Ben Caspit, senior commentator for Israel’s Maariv daily, said Israeli intelligence over the last decade had repeatedly pushed back the estimate for when Iran would have an atom bomb.

“Potentially, continuous diligent activity, both overt and covert, against Iran’s nuclear programme, could delay this even further towards the decade’s end,” he wrote.

Washington has also not ruled out armed action against Iran, even though U.S. officials have warned that it would only delay its nuclear programme and that convincing Tehran to give up its work is the only viable long-term solution.

But U.S. Secretary of State Hillary Clinton said on Monday that sanctions have set back Tehran’s nuclear activities, giving major powers more time to persuade it to change tack.

Shannon Kile at the Stockholm International Peace Research Institute said the “war drum was really beating” a year ago.

“I don’t see that now ... something is clearly going on which is causing policy makers both in Washington and Tel Aviv to step away from some of the more dire predictions that they were making just 18 months ago,” Kile said.

But any reduction in tension and lessening of talk of possible military conflict, which could have dire consequences for the world economy, could turn out to be temporary.

Iran is still amassing refined uranium -- material which can be used to make bombs if enriched much further -- and it is showing no sign of backing down in the long-running international dispute over its atomic ambitions.

“There definitely has been sort of a de-escalation of the situation,” Kile said. But, he added, “I don’t see that as being necessarily something more permanent or lasting.”


Analysts say Iran’s nuclear work has been experiencing technical difficulties for several years, partly because it is using enrichment centrifuges adapted from a smuggled 1970s European design which is prone to overheating and vibration.

Iran is testing an advanced, more durable model able to refine uranium two or three times faster, and says it intends to introduce it for production in the near future.

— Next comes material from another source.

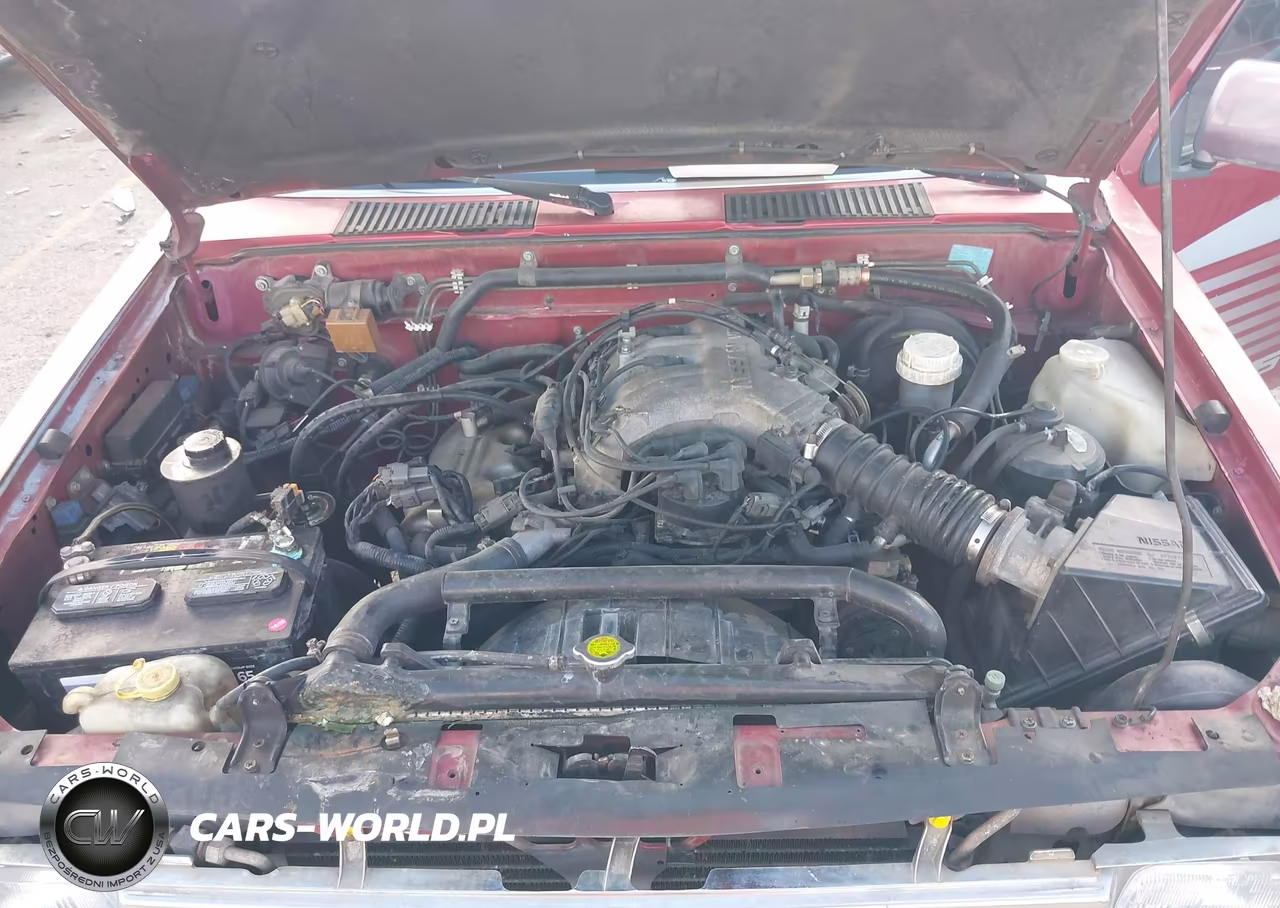 1993 Nissan Truck King Cab Se VIN:1N6HD16S3PC392659 - 10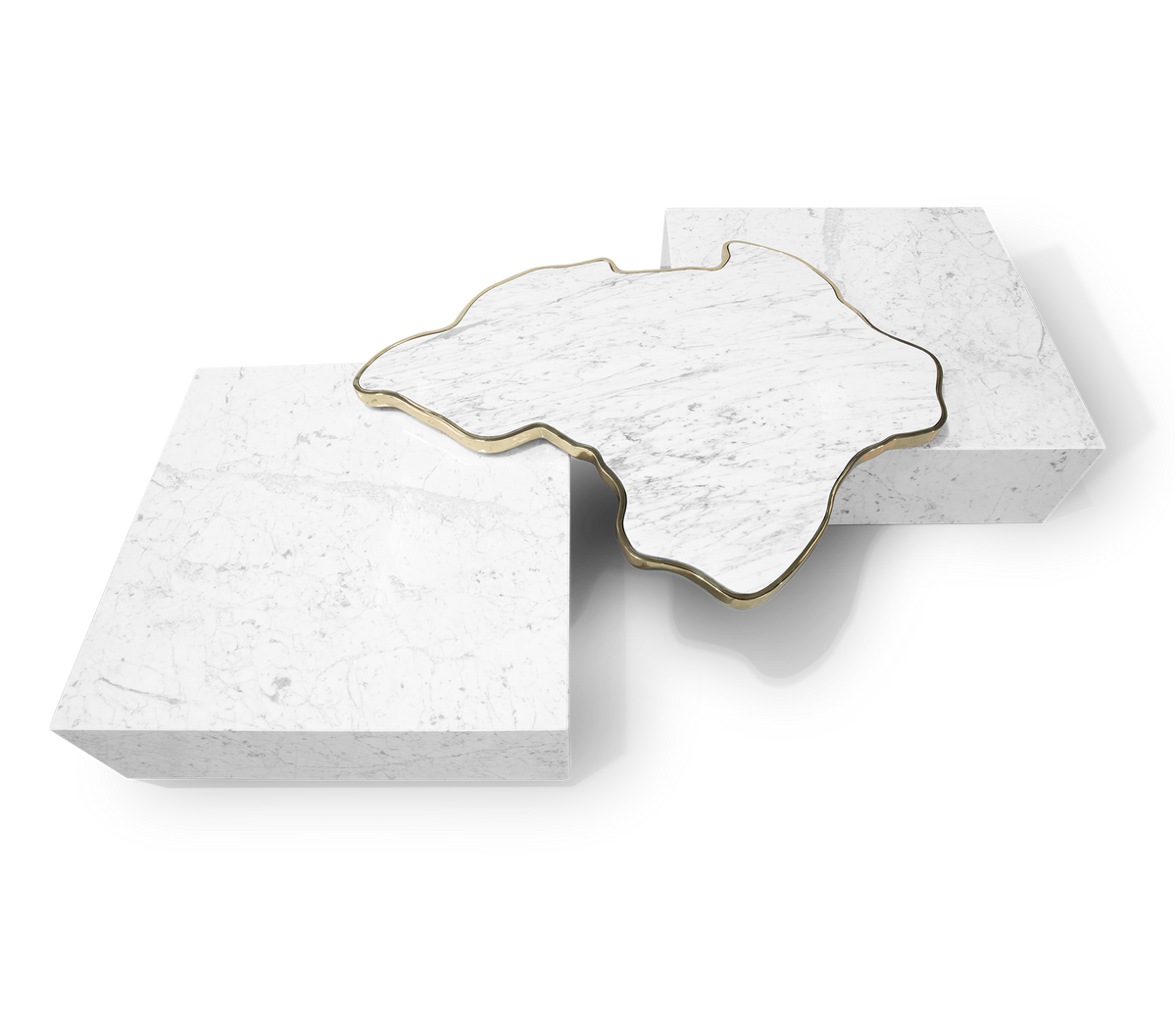 Navarra Carrara Center Table by Boca do Lobo – view 5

But the sanctions, which ban trade in nuclear-related technology and equipment, may make this more difficult.

Signs of foreign sabotage, such as the Stuxnet computer worm which some experts believe was aimed at Iran’s enrichment activities, could also be a factor.

“For many years, governments have pursued methods to disrupt Iran’s ability to procure goods illegally overseas for its nuclear programme,” experts of the U.S.-based Institute for Science and International Security wrote in an analysis.

“Such overt and covert disruption activities have had significant effect in slowing Iran’s centrifuge programme,” David Albright, Paul Brannan and Christina Walrond added.

Iran rejects any suggestions that it is experiencing significant technical problems and last week announced a new “breakthrough” in its nuclear programme, saying it will make its own fuel for a research reactor later this year.

Western officials say tougher sanctions imposed on Iran since last year are hurting its economy and that this may force it to enter serious negotiations about its nuclear programme.

But no substantial progress was made when talks between Iran and six world powers resumed in Geneva last month, for the first time in more than a year, and expectations of a breakthrough are low ahead of a second round in Istanbul next week.

“Sanctions will not force Iran to capitulate,” Thielmann said. “It is also clear that negotiations will be a drawn-out and difficult process, requiring many months.”